▶ [WHAT YOU ARE ASKED TO DO]:
Your reply must contain exactly the lines running from the one with "Gemengd gebruik te" to the last line of the entries below, both included, and no other lines.

▶ [DATA]:
::::
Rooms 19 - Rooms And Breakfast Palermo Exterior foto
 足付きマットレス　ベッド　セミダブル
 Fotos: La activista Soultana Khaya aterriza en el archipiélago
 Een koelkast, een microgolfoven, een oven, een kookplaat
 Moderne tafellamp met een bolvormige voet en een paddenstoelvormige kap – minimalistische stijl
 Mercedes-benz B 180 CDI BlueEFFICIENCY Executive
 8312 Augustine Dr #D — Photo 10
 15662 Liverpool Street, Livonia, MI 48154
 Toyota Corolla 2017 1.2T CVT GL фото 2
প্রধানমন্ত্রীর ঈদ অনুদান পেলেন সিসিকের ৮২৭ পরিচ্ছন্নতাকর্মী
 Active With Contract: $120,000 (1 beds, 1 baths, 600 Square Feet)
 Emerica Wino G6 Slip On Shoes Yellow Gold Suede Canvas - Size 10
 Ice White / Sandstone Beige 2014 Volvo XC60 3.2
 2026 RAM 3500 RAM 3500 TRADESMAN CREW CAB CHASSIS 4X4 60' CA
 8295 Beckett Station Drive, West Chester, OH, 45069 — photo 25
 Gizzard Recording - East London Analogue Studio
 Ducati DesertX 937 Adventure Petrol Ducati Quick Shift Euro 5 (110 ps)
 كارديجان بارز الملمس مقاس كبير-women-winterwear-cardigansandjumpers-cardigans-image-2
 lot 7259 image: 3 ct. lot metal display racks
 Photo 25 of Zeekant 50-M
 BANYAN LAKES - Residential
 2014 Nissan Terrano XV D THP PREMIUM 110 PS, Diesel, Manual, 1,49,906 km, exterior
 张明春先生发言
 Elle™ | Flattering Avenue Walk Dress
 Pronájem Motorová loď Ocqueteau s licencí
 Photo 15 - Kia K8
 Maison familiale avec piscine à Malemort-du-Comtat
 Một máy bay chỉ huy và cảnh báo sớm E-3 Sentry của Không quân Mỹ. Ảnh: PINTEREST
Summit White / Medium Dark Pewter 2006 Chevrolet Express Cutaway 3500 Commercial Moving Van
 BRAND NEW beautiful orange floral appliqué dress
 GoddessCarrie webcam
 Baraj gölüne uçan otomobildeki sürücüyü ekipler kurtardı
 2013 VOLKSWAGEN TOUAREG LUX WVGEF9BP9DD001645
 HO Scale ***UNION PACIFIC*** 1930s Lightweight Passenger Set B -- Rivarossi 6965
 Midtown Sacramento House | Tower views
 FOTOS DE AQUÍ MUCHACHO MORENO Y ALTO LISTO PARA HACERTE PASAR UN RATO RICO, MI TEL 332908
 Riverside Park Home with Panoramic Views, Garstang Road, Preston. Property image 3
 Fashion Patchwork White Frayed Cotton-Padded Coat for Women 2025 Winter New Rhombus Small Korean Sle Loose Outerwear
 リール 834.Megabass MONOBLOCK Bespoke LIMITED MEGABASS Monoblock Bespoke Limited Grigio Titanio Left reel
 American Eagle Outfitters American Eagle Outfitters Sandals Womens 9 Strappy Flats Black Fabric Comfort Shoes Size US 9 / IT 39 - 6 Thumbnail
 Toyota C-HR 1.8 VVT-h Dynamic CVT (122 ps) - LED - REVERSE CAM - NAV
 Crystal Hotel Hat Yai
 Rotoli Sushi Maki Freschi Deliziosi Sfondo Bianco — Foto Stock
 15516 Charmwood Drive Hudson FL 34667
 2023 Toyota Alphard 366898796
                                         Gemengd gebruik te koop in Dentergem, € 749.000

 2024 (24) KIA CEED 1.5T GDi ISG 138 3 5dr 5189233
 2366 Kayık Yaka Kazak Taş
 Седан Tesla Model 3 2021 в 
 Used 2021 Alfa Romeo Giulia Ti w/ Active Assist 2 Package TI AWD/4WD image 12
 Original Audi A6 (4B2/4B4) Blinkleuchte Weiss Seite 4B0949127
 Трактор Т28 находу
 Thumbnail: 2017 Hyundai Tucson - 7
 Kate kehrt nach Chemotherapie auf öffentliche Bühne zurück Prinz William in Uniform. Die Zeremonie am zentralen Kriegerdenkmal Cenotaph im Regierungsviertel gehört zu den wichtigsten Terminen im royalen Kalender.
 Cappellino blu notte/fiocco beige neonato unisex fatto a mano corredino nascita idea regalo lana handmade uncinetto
::::
▶ [RESULT]:
                                         Gemengd gebruik te koop in Dentergem, € 749.000

 2024 (24) KIA CEED 1.5T GDi ISG 138 3 5dr 5189233
 2366 Kayık Yaka Kazak Taş
 Седан Tesla Model 3 2021 в 
 Used 2021 Alfa Romeo Giulia Ti w/ Active Assist 2 Package TI AWD/4WD image 12
 Original Audi A6 (4B2/4B4) Blinkleuchte Weiss Seite 4B0949127
 Трактор Т28 находу
 Thumbnail: 2017 Hyundai Tucson - 7
 Kate kehrt nach Chemotherapie auf öffentliche Bühne zurück Prinz William in Uniform. Die Zeremonie am zentralen Kriegerdenkmal Cenotaph im Regierungsviertel gehört zu den wichtigsten Terminen im royalen Kalender.
 Cappellino blu notte/fiocco beige neonato unisex fatto a mano corredino nascita idea regalo lana handmade uncinetto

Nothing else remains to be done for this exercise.